FIIs and the Indian equity market

FIIs and the Indian equity market

A year after the economic crisis of 1991, Foreign Institutional Investors (FIIs) were first allowed in Indian markets in September 1992. In the initial 4-5 years, the FIIs were investing in the equity segment alone, and it was from 1996-97 onwards that FIIs started investing in the debt market.

The two reasons why FIIs cash inflow happens is when the existing money in the global market is guided to our markets as they see a better growth opportunity or it can be preceded by enormous liquidity available in the market due to the change in fed policy or stimulus from developed economies. In 1998 -99 for the first time, we had a negative flow in FIIs, due to the Asian currency crisis. A net outflow of 1,584 crore rupee from our capital market caused the Nifty 50 index to form bearish candles from May 1998 as it crashed 35% to 800 in December from its high of 1,247 in April 1998. Though by March of 1999 it made up to 1078 by recovering 60%.

In the following year, the markets witnessed an unprecedented cash flow of 10,112 crore rupees out of which 9,670cr flowed to the equity market. By the end of the FY 2000, the market had rallied to new highs of 1818. Post the Asian currency crisis, investors looked to outside the Asian Tiger countries of Hong Kong, Singapore, South Korea, and Taiwan and this highly favored India as it was an emerging economy.

After surviving the dotcom burst India had seen another massive FIIs cash inflow in the succeeding years which remained consistent from 2003-04 to 2007-08 on the back of better governance by the first UPA government lead by Dr. Manmohan Singh. Nifty too witnessed yet another steady rally from the low of 930 in May 2003 to a new high of 6,357 by Jan 2008. Throughout these years the FIIs inflow remained positive with a maximum of 66,179 in 2007-08 and a minimum of 30,840 in 2006-07.

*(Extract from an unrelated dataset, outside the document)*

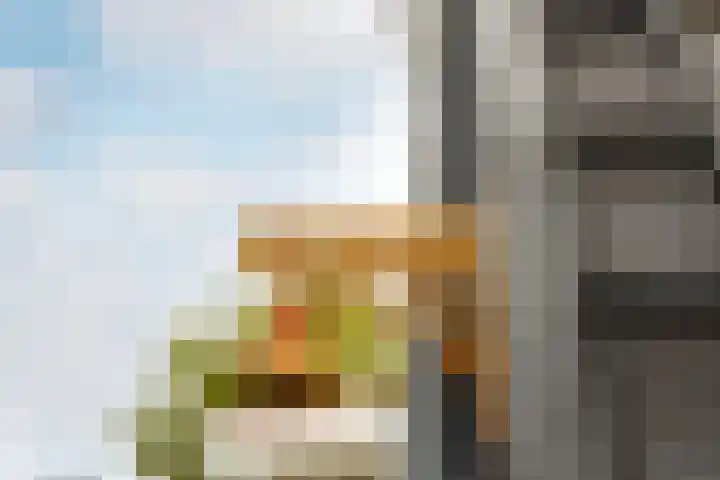 Het Hoefijzer 36 Dronten thumbnail 25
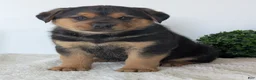 Mixed Breed dogs for sale: Finn - Ad 15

On account of the Lehman crisis in 2008-09, there was a U-turn in the markets and it became a negative year for the equity market with a net outflow of 45,811crore rupees though the debt market remained positive. Nifty crashed to a low of 2,252 by October 2008 before it started the next rally in March 2009 again supported by a strong cash flow from FIIs of about 142658 crore rupees on account of the global liquidity through the international stimulus packages. The following years had remarkable FIIs inflow along with which the index rallied. The term of 2010 Oct to 2012 Feb Nifty had shown consolidation before the next rally to 9119 in 2015. The Coal scam allegations against the second UPA contributed to the glimmer market. Then it was in 2015-16 where our markets again had a negative cash flow and the index had a correction caused by a weak global scenario. Throughout these years we observed that unprecedented FIIs cash inflow partnering with a rally in index and vice versa.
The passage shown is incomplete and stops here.